**Problem description:**
Write out only the lines from the line containing "Світло Червоне Векторне" to the end of the listing below, both included, exactly as they stand. Drop the pictures.

**Data section:**

__________________________________________________

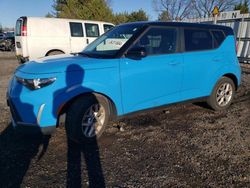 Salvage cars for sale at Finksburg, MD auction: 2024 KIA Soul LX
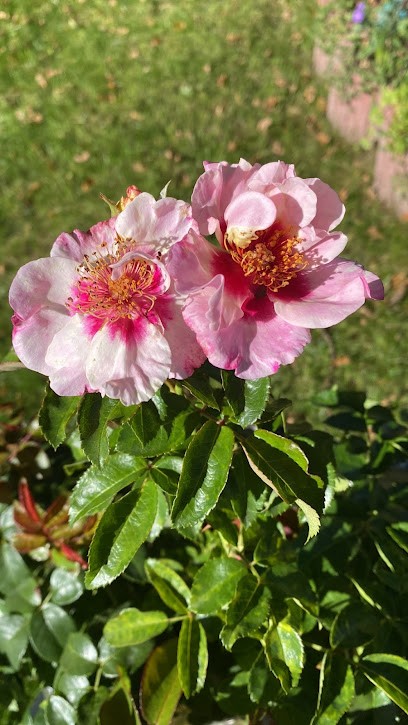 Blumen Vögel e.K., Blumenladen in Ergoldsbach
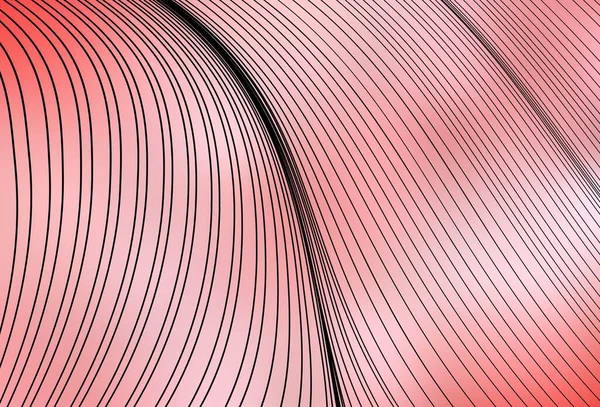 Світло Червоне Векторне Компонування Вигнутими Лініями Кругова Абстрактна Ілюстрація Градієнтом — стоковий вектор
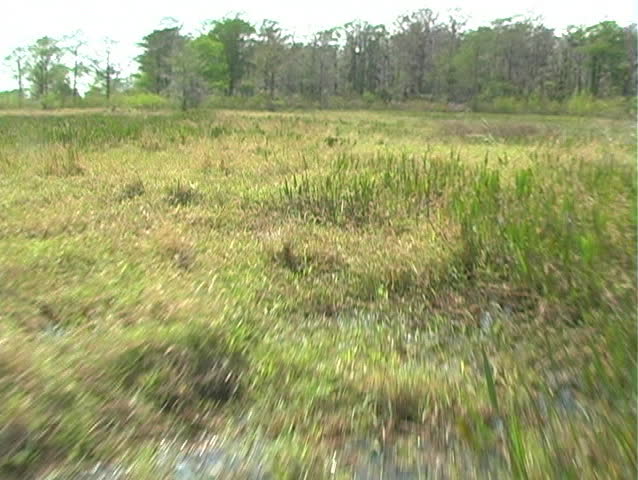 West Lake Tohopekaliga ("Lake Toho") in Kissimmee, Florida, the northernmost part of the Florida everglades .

__________________________________________________

**Problem solution:**
 Світло Червоне Векторне Компонування Вигнутими Лініями Кругова Абстрактна Ілюстрація Градієнтом — стоковий вектор
 West Lake Tohopekaliga ("Lake Toho") in Kissimmee, Florida, the northernmost part of the Florida everglades .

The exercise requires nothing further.